Given the iterations of new organizations ie: OMLT,PRT and "other", not to mention the other elements. The Air Force in particular is going to be absorbing a few more posns for Sig Op in the future as MES is going to be the way ahead.
Long story short...Cbt Arms...Engrs: usually no siggies below Sqn lvl except EOD.
Armd: Same (except no EOD 
We do (did), however train all designated operators in house where possible.


----------



## dan7108

PRT used sig ops as PL sigs


----------



## MikeL

dan7108 said:
			
		

> PRT used sig ops as PL sigs



Yes, on TF 1-08 there were some Sig Ops employed as Pl Signallers in the Force Protection Coy. But I don't know if any other Rotos have done the same.  But like was said before Signallers are typically employed at the Coy HQ an Battalion HQ level in an Infantry Battalion. But that doesn't mean you won't see Sig Ops carrying radios on tour as part of their job as Coy Signallers, or filling positions that come up, or employed in different organizations on tour that employ Sigs in that role.


----------



## GnyHwy

Depends where you place the priority of your communications.  Within the Arty it is extremely important as our FOOs are useless without radios.  Most Arty guys i.e. 80% all ranks, are skillful on most types of communications.  For the Arty it would be very rare to see a Sig Op below Regt level.  We take our comms and voice procedure (VP) very seriously and Arty fire discipline is different from basic VP.

That said, experienced Rad Ops can provide invaluable knowledge and without comms no modern Army would survive.


----------



## vonGarvin

JBoyd said:
			
		

> wouldn't Signal Operators?


Prior to the inception of the Signal Corps, Engineers were responsible for battlefield Signals.

So, in answer to the question: who is usually the Radio Operator?  I would offer the guy carrying it ;D


----------



## GnyHwy

You are indeed correct.


----------



## GnyHwy

But, when an Arty Sgt i.e.
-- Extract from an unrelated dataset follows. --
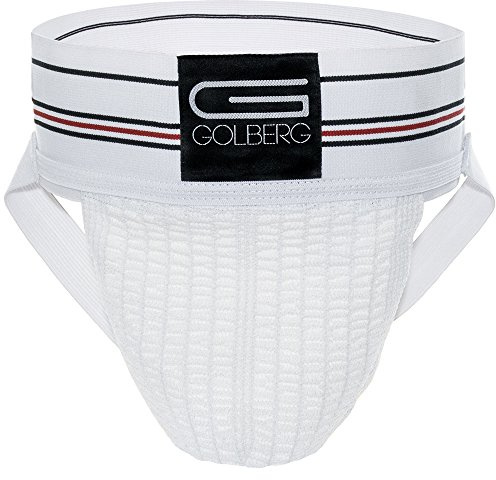 Golberg Mens Athletic Supporter 2 Pack White Large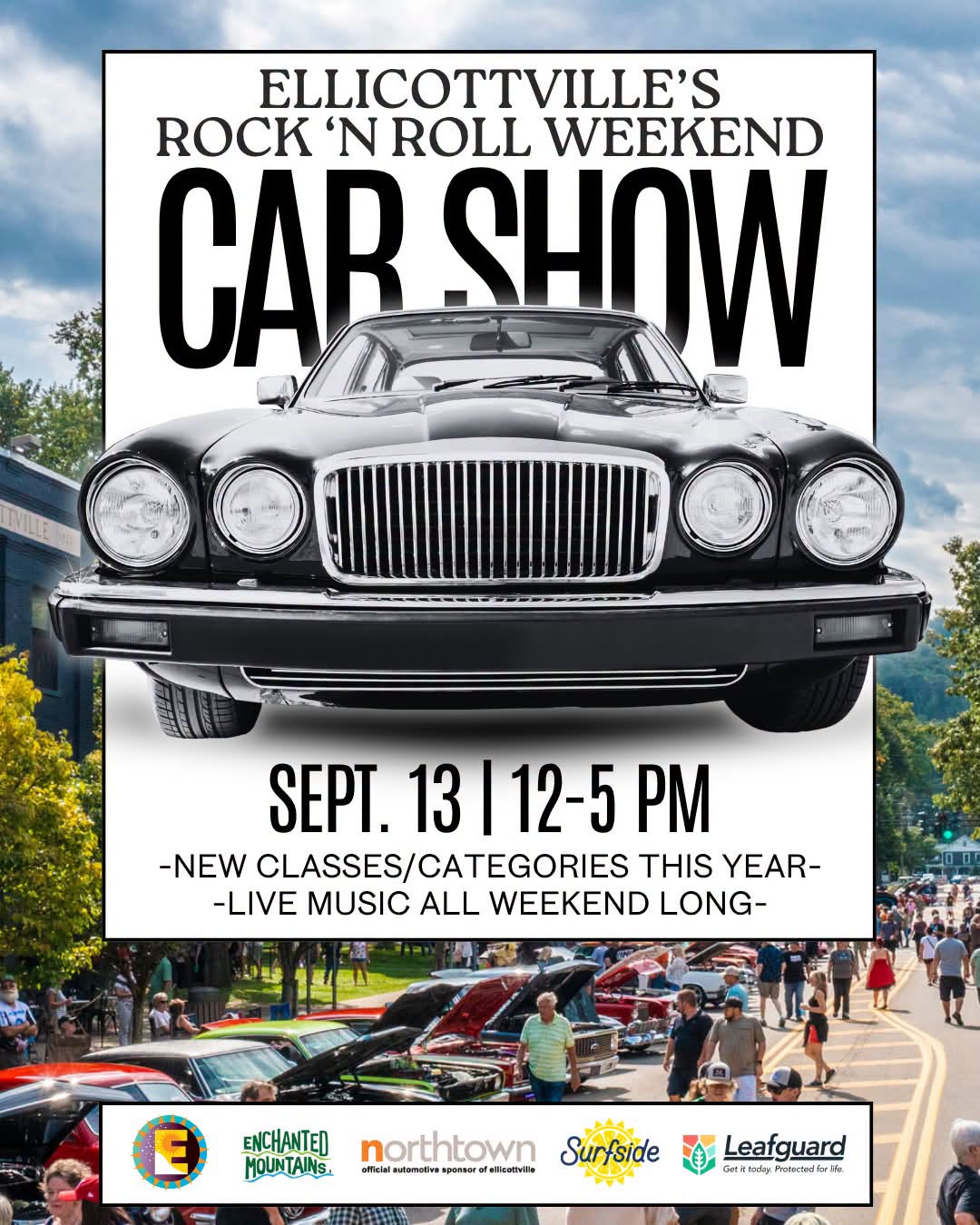 Ellicottville's Rock 'n Roll Weekend Car Show event at Downtown Ellicottville in Ellicottville, NY on September 13, 2026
Me, has to correct a Inf Plt Sig (QRF to boot) in theatre, there is a problem.


----------



## Eye In The Sky

In the Armoured world, each callsign (vehicle) has an "operator" if you will, who is a crewmen.  In a troop, you'll not find any Sig Ops but you can bet your boots that the VP is good and tight regardless.  Most of the radio comms are done at the Crew Commander level, but VP is (or was) something taught to all Troopers in the Corps, and they all used it over their careers.

In my experience, the lowest level you'd see a Sig Op is in a Sqn CP (command post).  The Sqn Sigs Sgt is supposed to be a Jimmy too, but I've seen that as a secondary task for an A or C callsign as well.


----------



## MikeL

GnyHwy said:
			
		

> For the Arty it would be very rare to see a Sig Op below Regt level.



Isn't there a Signaller for each Bty?

Also, I know theres been  a few Sigs that were in FOO/FAC Teams in the BG an OMLT.


----------



## GnyHwy

In the Arty, all the Signallers are Artillery soldiers, be it Gnrs or Bdrs.  All ranks will have strong capablities.  For trouble shooting most NCMs will have strong skills and good VP is stressed for all ranks.

As far as actual Signallers i.e. Rad Ops.  You will likely not see one below Regt.  Although, I have seen MCpl Rad OPs at the Bty level.  He was extremely experienced and proved to be a great asset.

Arty VP is different and that maybe a reason we train our own as opposed to hiring Rad OPs.


----------



## GnyHwy

Further, in response to 





> Also, I know theres been  a few Sigs that were in FOO/FAC Teams in the BG an OMLT.



In a  FOO/FAC team in the BG the Sig will most certainly be an Arty Bdr or Gnr.  If an actual Rad Op was with a FOO/FAC team then he was either a rental, just wanted to "get out" for some experience or an extreme rarity. 

For the OMLT a Rad OP is very likely.  Although, if an Arty Bdr or Gnr was in the OMLT he could very well be the sig.


----------



## Fusaki

There is good reason why, in general, the combat arms wants combat arms soldiers to operate the Coy/Sqn/Troop/Bty nets.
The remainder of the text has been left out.